We had a great time visiting with the FFR girls and I am so grateful that we were finally able to find a time for all of us to get together. This has been a very tricky thing because we have all been busy and our schedules just didn’t seem to connect, but they did today and it was wonderful. We enjoyed good conversation, laughter, stories, etc. and then had to say our final goodbyes.

We had a short turn-around to feed the kids some dinner and get them ready (and in bed) before Jeff and I headed out for some drinks on the square with Jeff’s Ultimate Frisbee team. We had a lot of fun and again had more laughs, stories, and wonderful conversation (and of course an Irish Car Bomb since we were at an Irish Pub). For those of you that don’t know that that is, you have a glass of Guiness with a side shot of Irish Whiskey and Baileys that you drop into the Guiness and drink! They are so tasty!

Jeff and I enjoyed a nice walk back to the apartment and I became acutely aware of all the blessings God has bestowed upon us over the last 10 months. He has placed so many wonderful people in our lives, people that we would have never met without this journey, people that have changed our lives. God is absolutely the builder of all things, and He has built the foundation for these wonderful friendships that will forever remain in my heart, even when we are thousands of miles away!

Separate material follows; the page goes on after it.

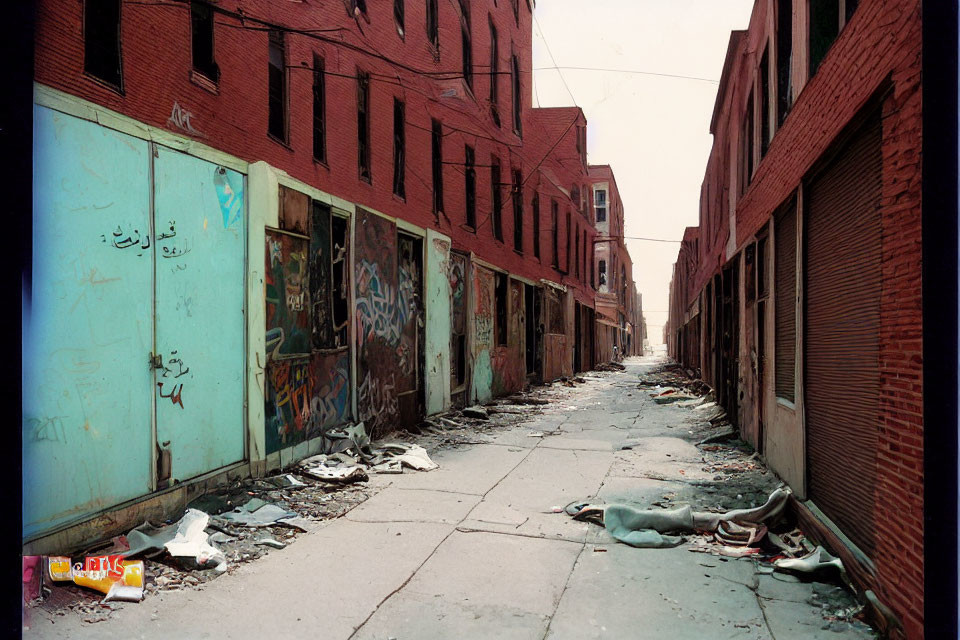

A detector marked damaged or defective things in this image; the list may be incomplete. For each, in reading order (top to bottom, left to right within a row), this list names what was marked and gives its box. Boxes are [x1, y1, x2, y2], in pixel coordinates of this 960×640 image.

As I look forward to our next stop in Sweden, I am reminded again of God’s hand in our lives. 17 years ago I left Arizona to participate in an Exchange Program with ASU and headed to Vancouver, BC Canada for six months. Once I arrived in my dorm, I met Hanne and Melissa (she is now living outside of Vancouver with her husband and kids). Hanne was our adopted roommate (she didn’t technically live with us, but may as well had). Hanne (and Melissa) were in our wedding, and though we rarely see each other (this is the 4th time in 17 years), I hold so much love for this person. She will always be a part of my life and I know that God brought us together 17 years ago, just as He is going to bring us together again on Friday in Sweden. I am beyond excited and I think the anticipation of seeing her is helping with the sadness of our year coming to an end.

Monday May 27, 2019

1 Corinthians 13:1-13 If I speak in the tongues of mortals and of angels, but do not have love, I am a noisy gong or a clanging cymbal. And if I have prophetic powers, and understand all mysteries and all knowledge, and if I have all faith, so as to remove mountains, but do not have love, I am nothing. If I give away all my possessions, and if I hand over my body so that I may boast, but do not have love, I gain nothing.

Love is patient; love is kind; love is not envious or boastful or arrogant or rude. It does not insist on its own way; it is not irritable or resentful; it does not rejoice in wrongdoing, but rejoices in the truth.  It bears all things, believes all things, hopes all things, endures all things.

Love never ends. But as for prophecies, they will come to an end; as for tongues, they will cease; as for knowledge, it will come to an end. For we know only in part, and we prophesy only in part; but when the complete comes, the partial will come to an end. When I was a child, I spoke like a child, I thought like a child, I reasoned like a child; when I became an adult, I put an end to childish ways. For now we see in a mirror, dimly, but then we will see face to face. Now I know only in part; then I will know fully, even as I have been fully known. And now faith, hope, and love abide, these three; and the greatest of these is love.

It is hard to believe that we will be saying goodbye to Brasov, Romania on Friday. We have loved our time here and today was no different. After our morning shift, Jeff and I headed into town for an afternoon date, bouncing from cafe to cafe enjoying snacks, delicious cocktails, and some beautiful weather. With Anjali on crutches it is just too much for her to walk into town, plus none of the kids actually wanted to go anyway!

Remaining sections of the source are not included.